What the task asks:
Word for word, write the lines below out again, with no pictures.

=== Dataset entries ===

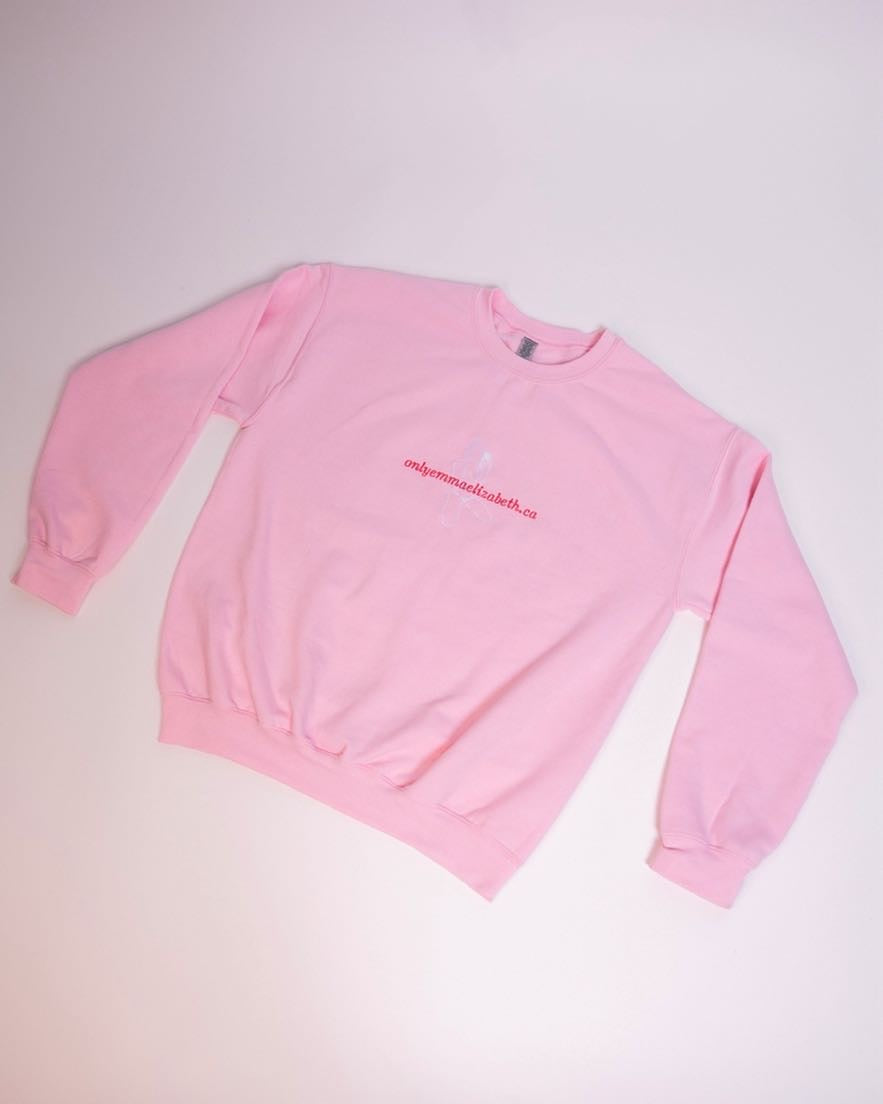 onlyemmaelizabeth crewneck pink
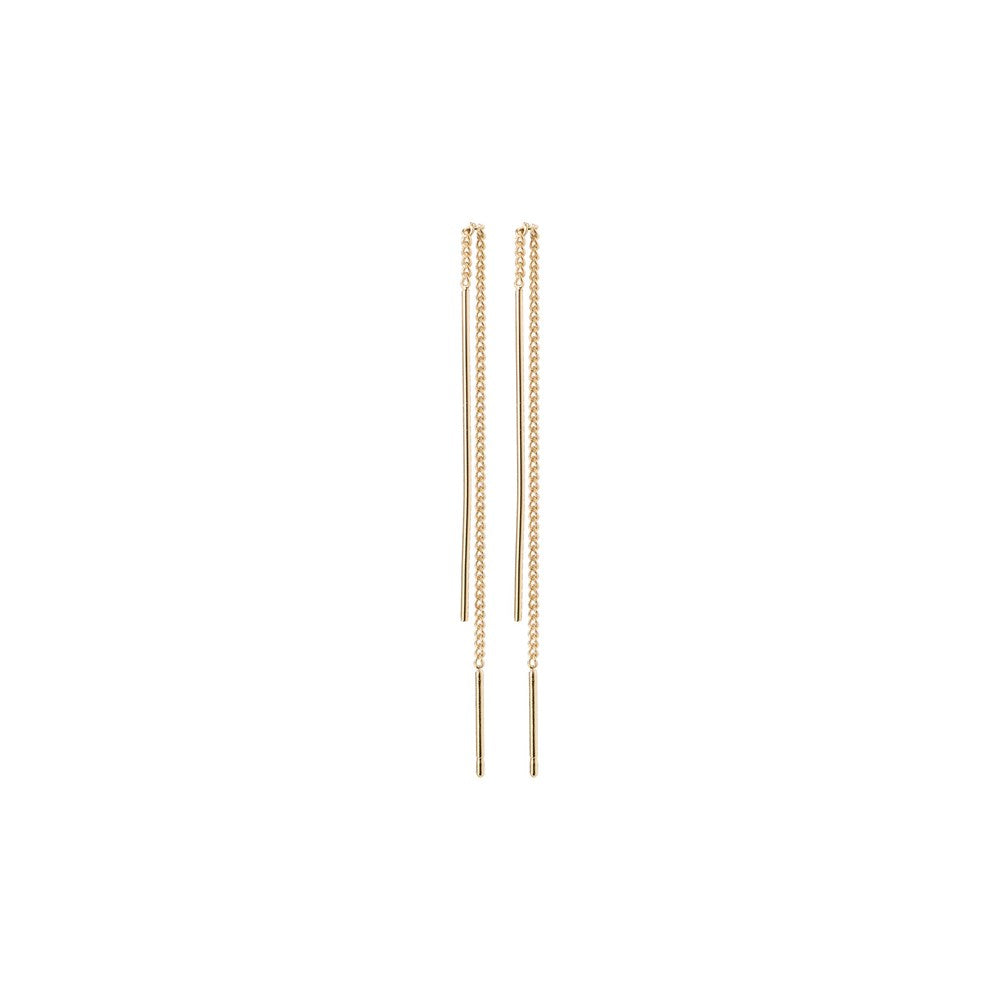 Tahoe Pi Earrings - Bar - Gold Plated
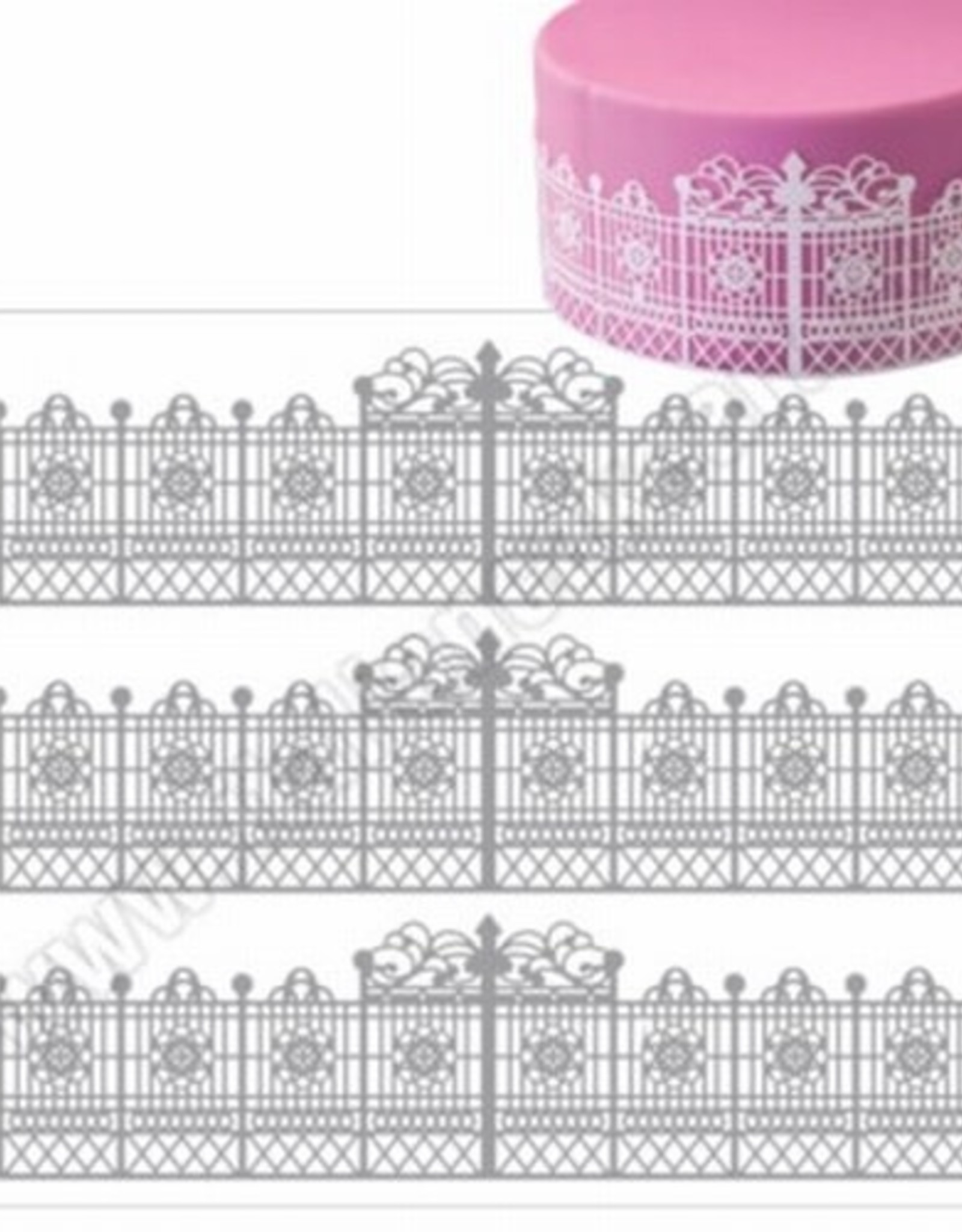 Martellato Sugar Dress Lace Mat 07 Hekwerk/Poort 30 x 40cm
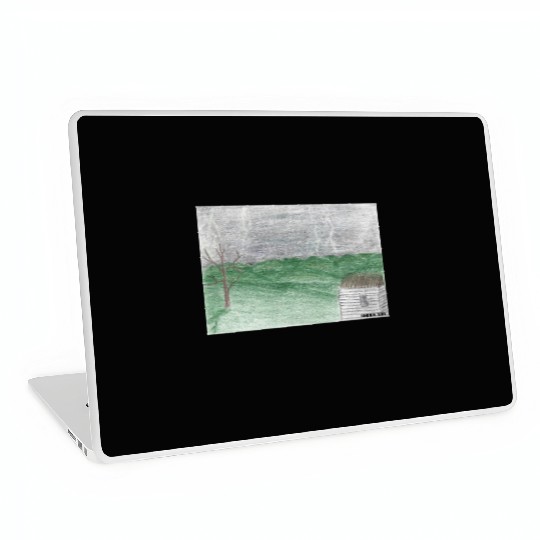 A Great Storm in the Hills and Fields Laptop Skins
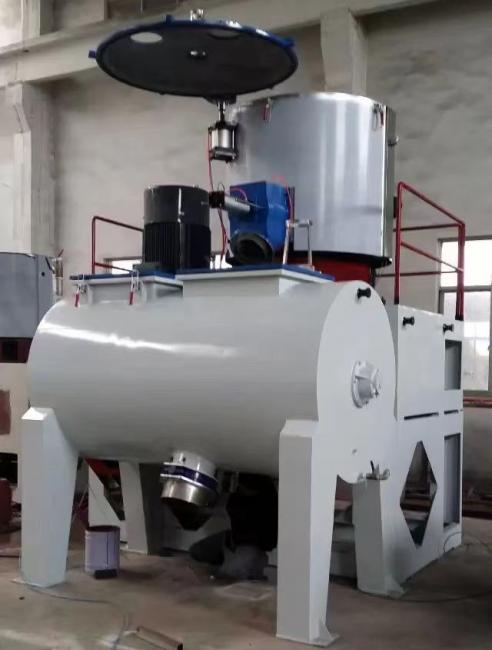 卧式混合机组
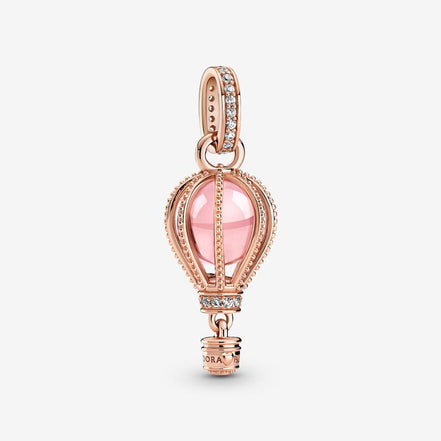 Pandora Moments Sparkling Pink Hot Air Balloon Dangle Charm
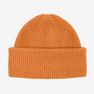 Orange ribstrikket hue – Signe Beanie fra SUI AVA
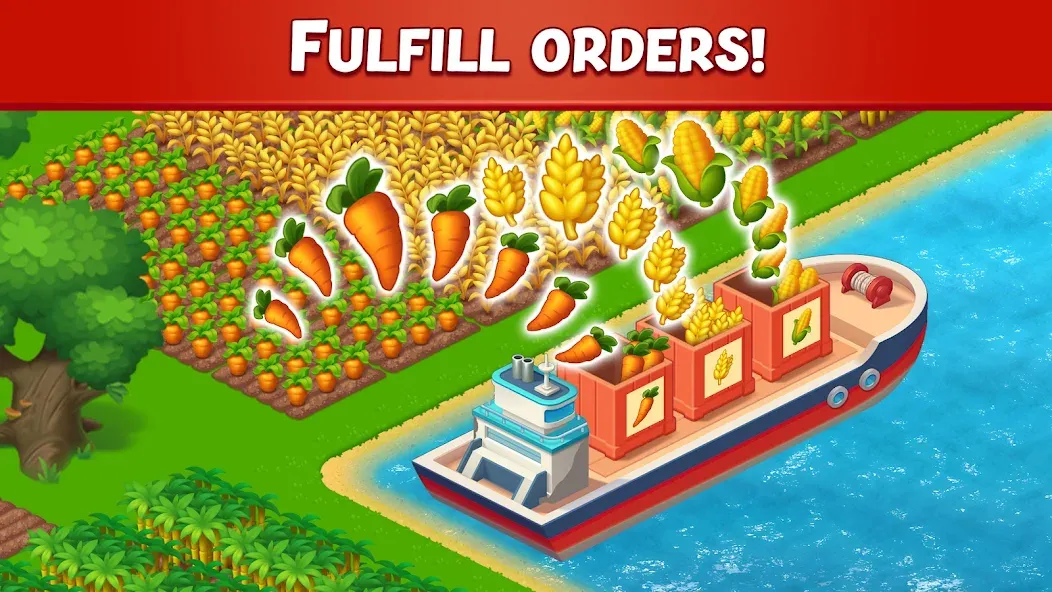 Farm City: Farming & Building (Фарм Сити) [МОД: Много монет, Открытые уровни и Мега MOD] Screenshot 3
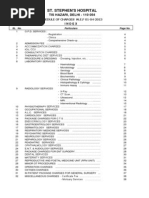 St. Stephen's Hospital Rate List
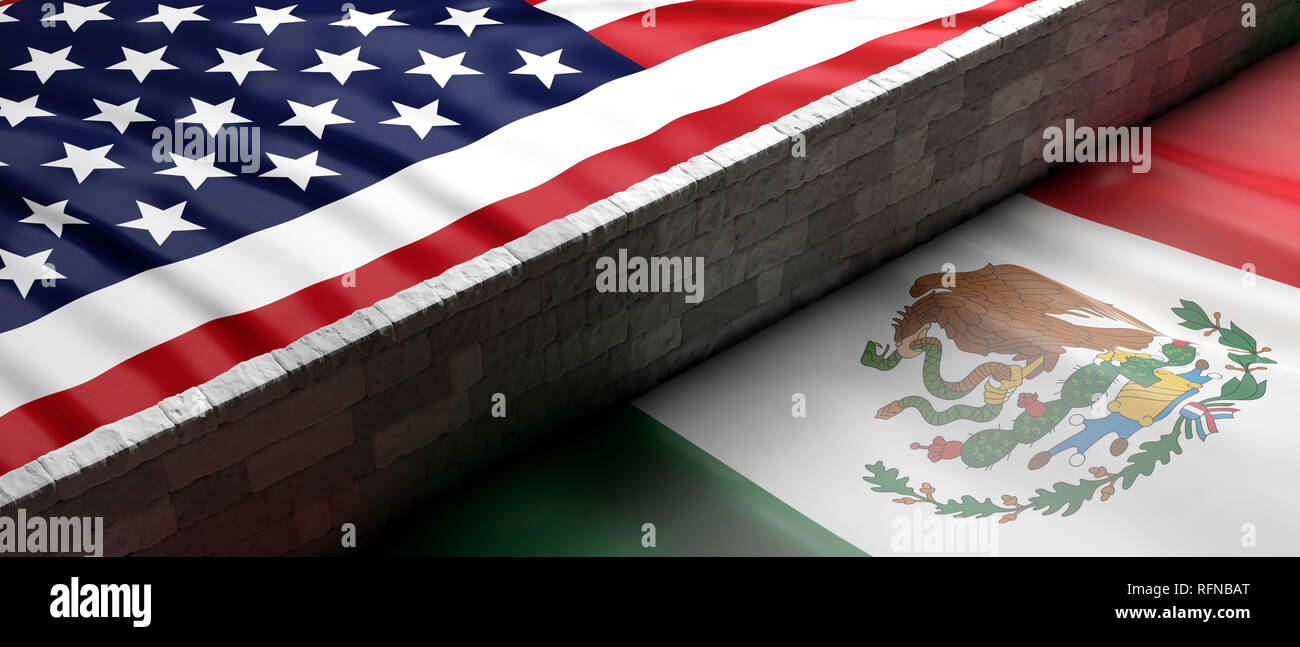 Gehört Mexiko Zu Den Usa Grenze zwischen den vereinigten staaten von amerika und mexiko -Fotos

===

Answer section:
 onlyemmaelizabeth crewneck pink
 Tahoe Pi Earrings - Bar - Gold Plated
 Martellato Sugar Dress Lace Mat 07 Hekwerk/Poort 30 x 40cm
 A Great Storm in the Hills and Fields Laptop Skins
 卧式混合机组
 Pandora Moments Sparkling Pink Hot Air Balloon Dangle Charm
 Orange ribstrikket hue – Signe Beanie fra SUI AVA
 Farm City: Farming & Building (Фарм Сити) [МОД: Много монет, Открытые уровни и Мега MOD] Screenshot 3
 St. Stephen's Hospital Rate List
 Gehört Mexiko Zu Den Usa Grenze zwischen den vereinigten staaten von amerika und mexiko -Fotos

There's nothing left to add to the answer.